Bridle
Guide

Tools

Typed Python functions the model calls during a step.

A tool is a Python function the model can call while it works on a step. Wrap it with @tool and pass it to step(..., tools=[...]) or loop(..., tools=[...]).

Type hints become the parameter schema. The docstring becomes the description. The function stays callable as plain Python — testable without invoking the model.

The minimum

from bridle import tool

@tool
def search(query: str) -> list[str]:
    """Search the web. Returns up to 10 result URLs."""
    return ["https://example.com/a", "https://example.com/b"]

That's it. search is now a Tool. Pass it to a step:

from bridle import step
from pydantic import BaseModel

class Source(BaseModel):
    url: str
    summary: str

sources = step(
    "find three sources on Mars weather",
    schema=list[Source],
    tools=[search],
)

The model sees search with its signature and docstring.

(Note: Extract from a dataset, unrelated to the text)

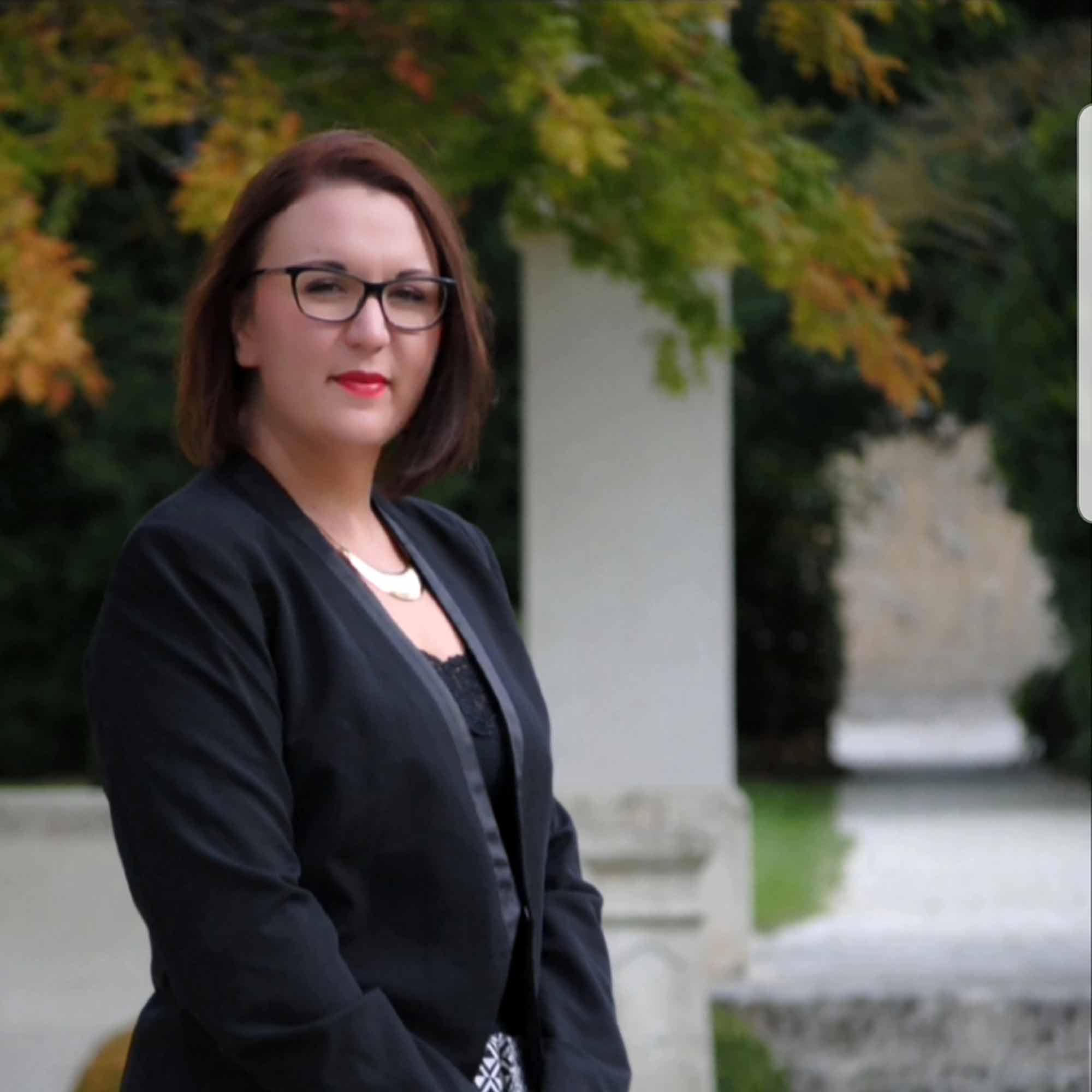 portrait d'une femme en blazer noir, arrière-plan jardin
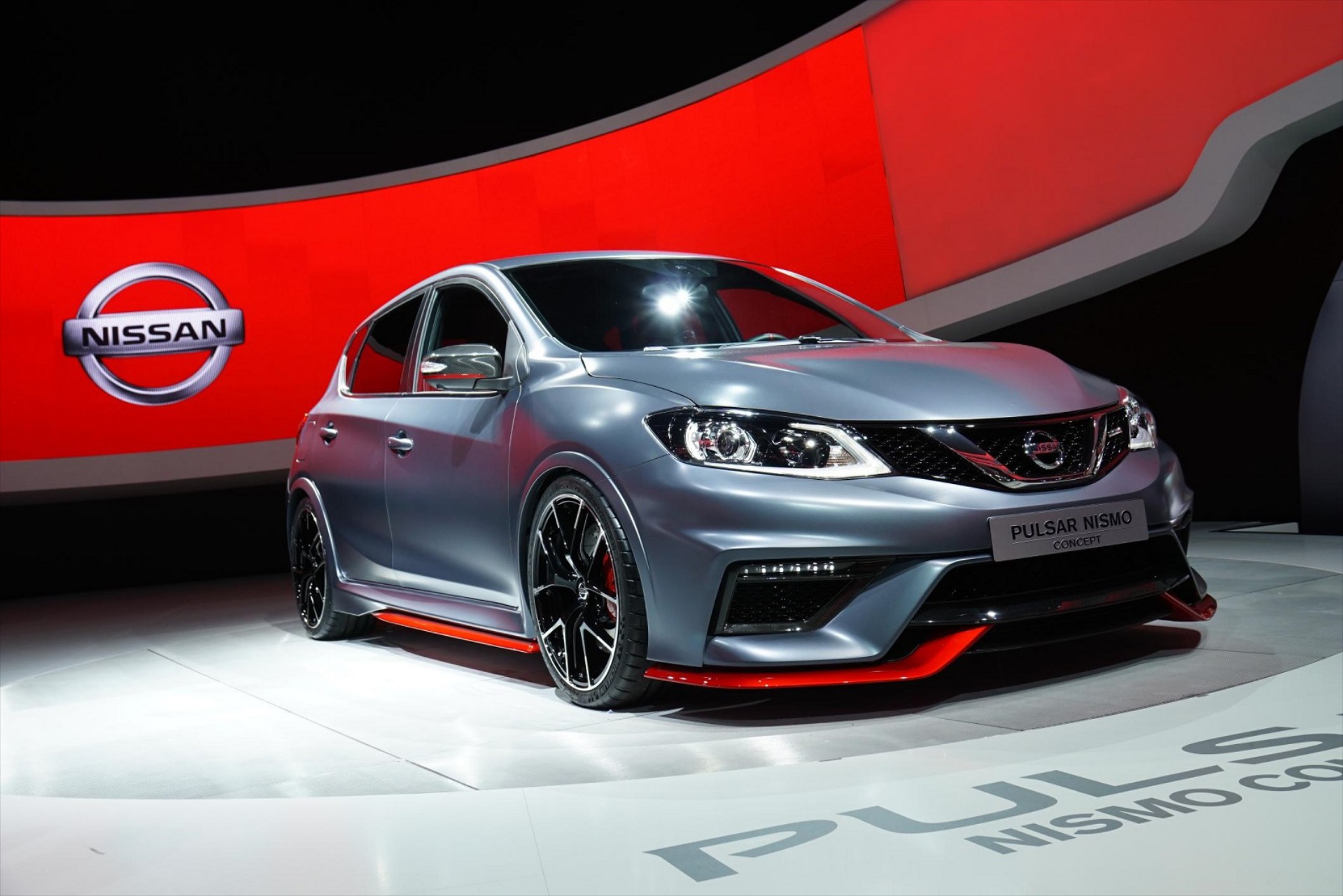 Παρίσι: Nissan Pulsar Nismo Concept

It can call it any number of times before producing the final value via __bridle_return__.

What gets extracted

  • name. The function's __name__ unless you pass name="...".
  • description. The first paragraph of the docstring, or the function name if there's no docstring.
  • parameters_schema. A JSON Schema built from the type hints via Pydantic's create_model. Defaults are honored. *args and **kwargs are skipped.
@tool(name="lookup", description="Look up a record by id.")
def get_record(record_id: str, full: bool = False) -> dict:
    ...

Tools as plain callables

A Tool is callable. Unit-test it without going near the model:

def test_search_returns_urls():
    results = search("Mars weather")
    assert all(r.startswith("http") for r in results)

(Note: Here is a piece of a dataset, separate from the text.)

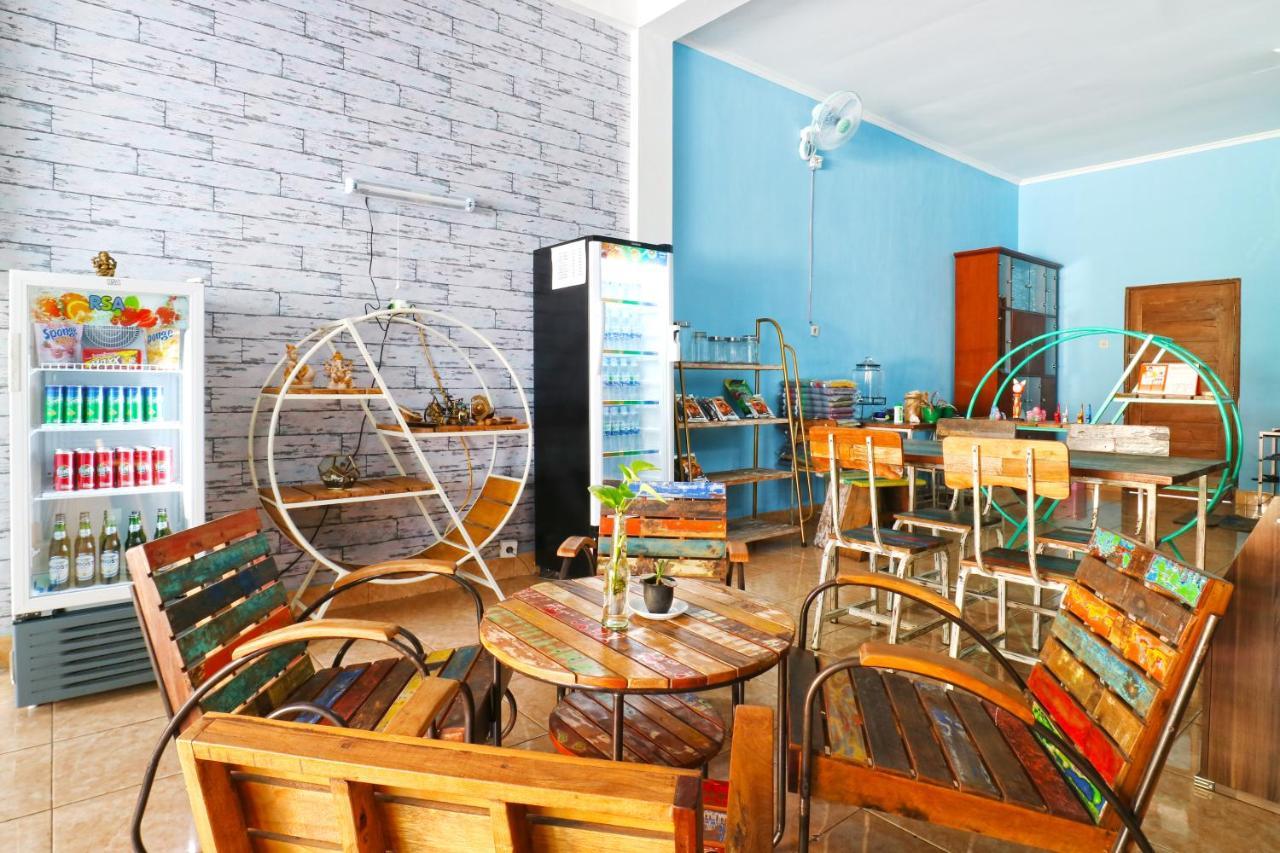 Balini 9 Hostel Денпасар Экстерьер фото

This works because Tool.__call__ forwards to the underlying function. The model layer is not involved.

Returning structured data

Return whatever JSON-serializable value makes sense — strings, lists, dicts, Pydantic models. Bridle JSON-encodes it before handing it to the model:

@tool
def stock_price(ticker: str) -> dict:
    """Look up the current price for a ticker."""
    return {"ticker": ticker, "price": 199.42, "currency": "USD"}

For complex returns, a Pydantic model is clearer than a hand-built dict:

class Quote(BaseModel):
    ticker: str
    price: float
    currency: str

@tool
def stock_price(ticker: str) -> Quote:
    """Look up the current price for a ticker."""
    return Quote(ticker=ticker, price=199.42, currency="USD")

Errors

Two modes — recoverable and fatal — controlled by raise_on_error.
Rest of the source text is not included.